* [What is needed]: Write out all of the data without omission, exactly as shown.

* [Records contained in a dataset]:
※
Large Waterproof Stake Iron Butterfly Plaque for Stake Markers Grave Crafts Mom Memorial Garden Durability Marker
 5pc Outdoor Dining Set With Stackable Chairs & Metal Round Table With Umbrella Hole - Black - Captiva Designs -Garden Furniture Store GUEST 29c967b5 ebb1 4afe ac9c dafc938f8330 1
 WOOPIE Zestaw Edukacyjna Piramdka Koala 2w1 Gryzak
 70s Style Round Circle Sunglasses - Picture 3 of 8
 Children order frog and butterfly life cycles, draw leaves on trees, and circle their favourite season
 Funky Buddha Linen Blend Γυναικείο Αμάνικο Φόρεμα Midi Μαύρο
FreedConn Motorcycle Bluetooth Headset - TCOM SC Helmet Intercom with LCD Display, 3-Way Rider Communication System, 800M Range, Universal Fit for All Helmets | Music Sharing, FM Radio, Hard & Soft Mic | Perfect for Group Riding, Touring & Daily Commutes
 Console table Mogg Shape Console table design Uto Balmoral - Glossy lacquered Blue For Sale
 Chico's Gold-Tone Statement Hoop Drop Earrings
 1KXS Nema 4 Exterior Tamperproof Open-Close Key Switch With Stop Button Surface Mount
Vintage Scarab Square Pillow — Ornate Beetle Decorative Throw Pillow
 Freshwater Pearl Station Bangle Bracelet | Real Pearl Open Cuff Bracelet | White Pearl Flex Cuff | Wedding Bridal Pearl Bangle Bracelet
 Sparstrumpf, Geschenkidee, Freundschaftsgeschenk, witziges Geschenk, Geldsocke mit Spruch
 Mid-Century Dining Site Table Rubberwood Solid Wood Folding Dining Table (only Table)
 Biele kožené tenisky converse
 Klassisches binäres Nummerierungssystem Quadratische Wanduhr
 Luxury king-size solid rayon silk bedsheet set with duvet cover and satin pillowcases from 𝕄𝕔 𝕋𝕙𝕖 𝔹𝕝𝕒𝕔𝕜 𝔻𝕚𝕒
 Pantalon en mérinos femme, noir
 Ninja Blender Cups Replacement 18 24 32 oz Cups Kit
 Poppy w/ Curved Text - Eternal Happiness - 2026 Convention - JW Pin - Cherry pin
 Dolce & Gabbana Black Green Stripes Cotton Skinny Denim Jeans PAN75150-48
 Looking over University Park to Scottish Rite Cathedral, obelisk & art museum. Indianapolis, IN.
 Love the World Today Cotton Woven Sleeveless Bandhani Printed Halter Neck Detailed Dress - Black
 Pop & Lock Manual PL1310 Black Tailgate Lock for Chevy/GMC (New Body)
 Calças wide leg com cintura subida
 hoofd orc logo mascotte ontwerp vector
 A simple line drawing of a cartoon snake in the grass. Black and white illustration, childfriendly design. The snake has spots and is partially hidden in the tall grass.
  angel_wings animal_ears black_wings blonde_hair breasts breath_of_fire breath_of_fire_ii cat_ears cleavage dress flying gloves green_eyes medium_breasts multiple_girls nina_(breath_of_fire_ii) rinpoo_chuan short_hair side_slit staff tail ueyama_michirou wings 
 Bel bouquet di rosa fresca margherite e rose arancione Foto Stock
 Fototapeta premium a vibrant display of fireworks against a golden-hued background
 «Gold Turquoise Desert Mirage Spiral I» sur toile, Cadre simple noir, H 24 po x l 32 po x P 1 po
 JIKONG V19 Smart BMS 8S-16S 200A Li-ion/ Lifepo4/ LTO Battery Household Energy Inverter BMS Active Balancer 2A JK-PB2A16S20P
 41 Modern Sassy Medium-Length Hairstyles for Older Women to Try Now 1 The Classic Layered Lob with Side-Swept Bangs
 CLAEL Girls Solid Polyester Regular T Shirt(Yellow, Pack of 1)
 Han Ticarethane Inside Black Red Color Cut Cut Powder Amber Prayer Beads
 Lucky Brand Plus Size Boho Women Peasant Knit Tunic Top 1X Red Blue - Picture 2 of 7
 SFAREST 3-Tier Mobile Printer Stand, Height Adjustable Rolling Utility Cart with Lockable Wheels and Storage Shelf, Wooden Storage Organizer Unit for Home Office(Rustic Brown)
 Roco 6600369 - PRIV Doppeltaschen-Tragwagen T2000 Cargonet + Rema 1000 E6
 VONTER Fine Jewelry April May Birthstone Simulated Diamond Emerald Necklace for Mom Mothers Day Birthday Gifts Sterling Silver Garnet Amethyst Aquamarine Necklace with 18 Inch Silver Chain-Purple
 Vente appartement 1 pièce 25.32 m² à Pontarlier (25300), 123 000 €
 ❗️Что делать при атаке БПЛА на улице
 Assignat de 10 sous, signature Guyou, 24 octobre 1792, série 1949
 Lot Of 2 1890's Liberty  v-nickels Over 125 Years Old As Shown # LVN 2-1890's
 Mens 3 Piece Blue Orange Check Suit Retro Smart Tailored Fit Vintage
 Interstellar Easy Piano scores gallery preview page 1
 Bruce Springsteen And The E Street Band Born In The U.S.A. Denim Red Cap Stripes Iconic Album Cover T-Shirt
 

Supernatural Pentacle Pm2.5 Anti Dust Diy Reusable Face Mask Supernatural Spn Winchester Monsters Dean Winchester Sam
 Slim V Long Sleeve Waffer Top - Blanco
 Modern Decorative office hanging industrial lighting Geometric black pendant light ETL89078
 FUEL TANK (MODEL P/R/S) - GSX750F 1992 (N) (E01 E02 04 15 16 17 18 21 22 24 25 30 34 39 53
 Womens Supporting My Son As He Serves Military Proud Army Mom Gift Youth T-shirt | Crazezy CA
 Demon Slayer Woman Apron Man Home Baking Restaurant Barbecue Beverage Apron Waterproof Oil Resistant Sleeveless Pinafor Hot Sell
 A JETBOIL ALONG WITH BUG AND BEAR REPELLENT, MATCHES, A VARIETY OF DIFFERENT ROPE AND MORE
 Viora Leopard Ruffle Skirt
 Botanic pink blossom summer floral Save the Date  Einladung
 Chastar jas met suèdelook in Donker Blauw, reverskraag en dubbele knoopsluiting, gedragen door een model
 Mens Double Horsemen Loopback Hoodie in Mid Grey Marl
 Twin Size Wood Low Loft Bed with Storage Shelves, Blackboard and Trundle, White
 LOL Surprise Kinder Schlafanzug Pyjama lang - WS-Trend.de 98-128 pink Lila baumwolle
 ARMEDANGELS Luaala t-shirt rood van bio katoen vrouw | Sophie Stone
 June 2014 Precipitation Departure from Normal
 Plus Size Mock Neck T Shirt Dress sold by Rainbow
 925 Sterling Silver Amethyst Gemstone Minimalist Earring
※
* [Result of this task]:
Large Waterproof Stake Iron Butterfly Plaque for Stake Markers Grave Crafts Mom Memorial Garden Durability Marker
 5pc Outdoor Dining Set With Stackable Chairs & Metal Round Table With Umbrella Hole - Black - Captiva Designs -Garden Furniture Store GUEST 29c967b5 ebb1 4afe ac9c dafc938f8330 1
 WOOPIE Zestaw Edukacyjna Piramdka Koala 2w1 Gryzak
 70s Style Round Circle Sunglasses - Picture 3 of 8
 Children order frog and butterfly life cycles, draw leaves on trees, and circle their favourite season
 Funky Buddha Linen Blend Γυναικείο Αμάνικο Φόρεμα Midi Μαύρο
FreedConn Motorcycle Bluetooth Headset - TCOM SC Helmet Intercom with LCD Display, 3-Way Rider Communication System, 800M Range, Universal Fit for All Helmets | Music Sharing, FM Radio, Hard & Soft Mic | Perfect for Group Riding, Touring & Daily Commutes
 Console table Mogg Shape Console table design Uto Balmoral - Glossy lacquered Blue For Sale
 Chico's Gold-Tone Statement Hoop Drop Earrings
 1KXS Nema 4 Exterior Tamperproof Open-Close Key Switch With Stop Button Surface Mount
Vintage Scarab Square Pillow — Ornate Beetle Decorative Throw Pillow
 Freshwater Pearl Station Bangle Bracelet | Real Pearl Open Cuff Bracelet | White Pearl Flex Cuff | Wedding Bridal Pearl Bangle Bracelet
 Sparstrumpf, Geschenkidee, Freundschaftsgeschenk, witziges Geschenk, Geldsocke mit Spruch
 Mid-Century Dining Site Table Rubberwood Solid Wood Folding Dining Table (only Table)
 Biele kožené tenisky converse
 Klassisches binäres Nummerierungssystem Quadratische Wanduhr
 Luxury king-size solid rayon silk bedsheet set with duvet cover and satin pillowcases from 𝕄𝕔 𝕋𝕙𝕖 𝔹𝕝𝕒𝕔𝕜 𝔻𝕚𝕒
 Pantalon en mérinos femme, noir
 Ninja Blender Cups Replacement 18 24 32 oz Cups Kit
 Poppy w/ Curved Text - Eternal Happiness - 2026 Convention - JW Pin - Cherry pin
 Dolce & Gabbana Black Green Stripes Cotton Skinny Denim Jeans PAN75150-48
 Looking over University Park to Scottish Rite Cathedral, obelisk & art museum. Indianapolis, IN.
 Love the World Today Cotton Woven Sleeveless Bandhani Printed Halter Neck Detailed Dress - Black
 Pop & Lock Manual PL1310 Black Tailgate Lock for Chevy/GMC (New Body)
 Calças wide leg com cintura subida
 hoofd orc logo mascotte ontwerp vector
 A simple line drawing of a cartoon snake in the grass. Black and white illustration, childfriendly design. The snake has spots and is partially hidden in the tall grass.
  angel_wings animal_ears black_wings blonde_hair breasts breath_of_fire breath_of_fire_ii cat_ears cleavage dress flying gloves green_eyes medium_breasts multiple_girls nina_(breath_of_fire_ii) rinpoo_chuan short_hair side_slit staff tail ueyama_michirou wings 
 Bel bouquet di rosa fresca margherite e rose arancione Foto Stock
 Fototapeta premium a vibrant display of fireworks against a golden-hued background
 «Gold Turquoise Desert Mirage Spiral I» sur toile, Cadre simple noir, H 24 po x l 32 po x P 1 po
 JIKONG V19 Smart BMS 8S-16S 200A Li-ion/ Lifepo4/ LTO Battery Household Energy Inverter BMS Active Balancer 2A JK-PB2A16S20P
 41 Modern Sassy Medium-Length Hairstyles for Older Women to Try Now 1 The Classic Layered Lob with Side-Swept Bangs
 CLAEL Girls Solid Polyester Regular T Shirt(Yellow, Pack of 1)
 Han Ticarethane Inside Black Red Color Cut Cut Powder Amber Prayer Beads
 Lucky Brand Plus Size Boho Women Peasant Knit Tunic Top 1X Red Blue - Picture 2 of 7
 SFAREST 3-Tier Mobile Printer Stand, Height Adjustable Rolling Utility Cart with Lockable Wheels and Storage Shelf, Wooden Storage Organizer Unit for Home Office(Rustic Brown)
 Roco 6600369 - PRIV Doppeltaschen-Tragwagen T2000 Cargonet + Rema 1000 E6
 VONTER Fine Jewelry April May Birthstone Simulated Diamond Emerald Necklace for Mom Mothers Day Birthday Gifts Sterling Silver Garnet Amethyst Aquamarine Necklace with 18 Inch Silver Chain-Purple
 Vente appartement 1 pièce 25.32 m² à Pontarlier (25300), 123 000 €
 ❗️Что делать при атаке БПЛА на улице
 Assignat de 10 sous, signature Guyou, 24 octobre 1792, série 1949
 Lot Of 2 1890's Liberty  v-nickels Over 125 Years Old As Shown # LVN 2-1890's
 Mens 3 Piece Blue Orange Check Suit Retro Smart Tailored Fit Vintage
 Interstellar Easy Piano scores gallery preview page 1
 Bruce Springsteen And The E Street Band Born In The U.S.A. Denim Red Cap Stripes Iconic Album Cover T-Shirt
 

Supernatural Pentacle Pm2.5 Anti Dust Diy Reusable Face Mask Supernatural Spn Winchester Monsters Dean Winchester Sam
 Slim V Long Sleeve Waffer Top - Blanco
 Modern Decorative office hanging industrial lighting Geometric black pendant light ETL89078
 FUEL TANK (MODEL P/R/S) - GSX750F 1992 (N) (E01 E02 04 15 16 17 18 21 22 24 25 30 34 39 53
 Womens Supporting My Son As He Serves Military Proud Army Mom Gift Youth T-shirt | Crazezy CA
 Demon Slayer Woman Apron Man Home Baking Restaurant Barbecue Beverage Apron Waterproof Oil Resistant Sleeveless Pinafor Hot Sell
 A JETBOIL ALONG WITH BUG AND BEAR REPELLENT, MATCHES, A VARIETY OF DIFFERENT ROPE AND MORE
 Viora Leopard Ruffle Skirt
 Botanic pink blossom summer floral Save the Date  Einladung
 Chastar jas met suèdelook in Donker Blauw, reverskraag en dubbele knoopsluiting, gedragen door een model
 Mens Double Horsemen Loopback Hoodie in Mid Grey Marl
 Twin Size Wood Low Loft Bed with Storage Shelves, Blackboard and Trundle, White
 LOL Surprise Kinder Schlafanzug Pyjama lang - WS-Trend.de 98-128 pink Lila baumwolle
 ARMEDANGELS Luaala t-shirt rood van bio katoen vrouw | Sophie Stone
 June 2014 Precipitation Departure from Normal
 Plus Size Mock Neck T Shirt Dress sold by Rainbow
 925 Sterling Silver Amethyst Gemstone Minimalist Earring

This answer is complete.